Ma nel documento approvato a palazzo Grazioli si va oltre: ce n'è per il garante della privacy, per «l'assoluta inadeguatezza delle sue prese di posizioni» rispetto al «bombardamento mediatico illegale, arbitrario e rateizzato» di intercettazioni telefoniche «prive di qualsiasi rilevanza penale»; ce n'è per il diritto di cronaca, che «non potrà mai comprimere, fino ad annullarlo, il diritto dei cittadini alla riservatezza»; ce n'è per la Corte costituzionale, non citata espressamente, ma tirata in ballo perché «sono venuti meno i contrappesi nei rapporti tra poteri dello stato».

Ce n'è per la magistratura in generale, «divenuta un potere irresponsabile» che «priva i cittadini e la stessa democrazia di tutele rispetto a possibili azioni spregiudicate dal carattere eversivo». È in atto, si legge, un «pericoloso conflitto» tra magistratura e sovranità popolare, e si annunciano risposte «politiche», oltre che «giudiziarie». Berlusconi fa sapere che andrà al Quirinale, a parlarne con il capo dello stato. Vuole rilanciare la riforma delle intercettazioni addirittura per decreto legge e minaccia di «far causa allo stato». Le sue truppe, intanto, si preparano alla «mobilitazione». In canna ci sono il conflitto di attribuzioni contro la Procura davanti alla Consulta, la denuncia dei pm per attentato agli organi costituzionali, la legge sulla responsabilità civile diretta dei giudici e quella sul processo breve.

Accade a tarda sera, a Roma, al termine di una giornata cominciata, a Milano, con la richiesta di giudizio immediato per il premier, accusato dalla Procura di concussione e prostituzione minorile.

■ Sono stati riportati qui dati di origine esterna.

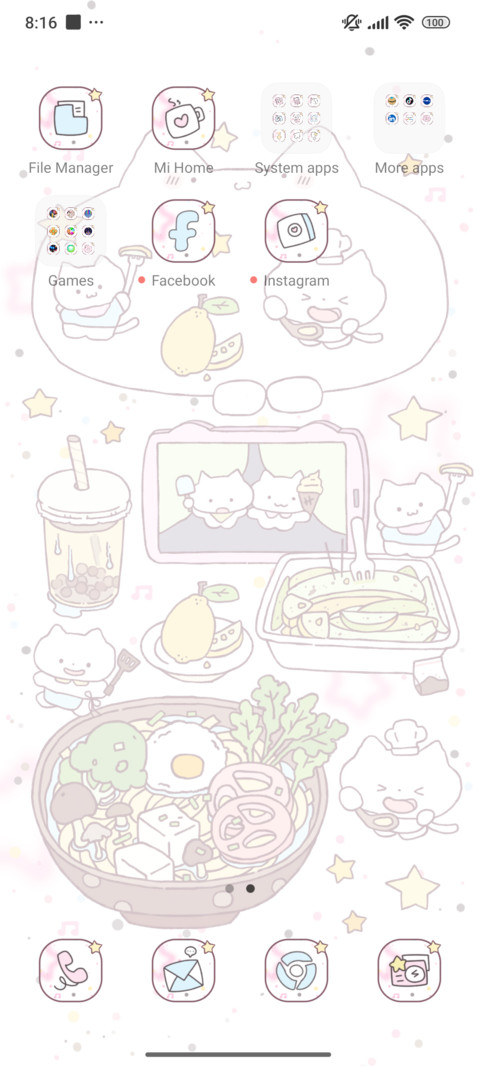 Kitty Yummy Meal screenshot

La notizia sta già facendo il giro del mondo quando Berlusconi cerca di strappare la scena ai pm. Sotto i riflettori del post Consiglio dei ministri li attacca frontalmente. «È uno schifo, una vergogna!», ripete a più riprese. «Sono intervenuto come presidente del Consiglio perché ero preoccupato di un incidente diplomatico internazionale», spiega, riferendosi alla telefonata in Questura con cui chiese il rilascio di Ruby definendola «nipote di Mubarak». Un intervento diplomatico ma anche umanitario, «perché sono solito aiutare le persone in difficoltà», precisa. «Io non mi preoccupo di me - assicura –. Sono un ricco signore che può passare a fare ospedali per i bambini nel mondo, come ho sempre desiderato».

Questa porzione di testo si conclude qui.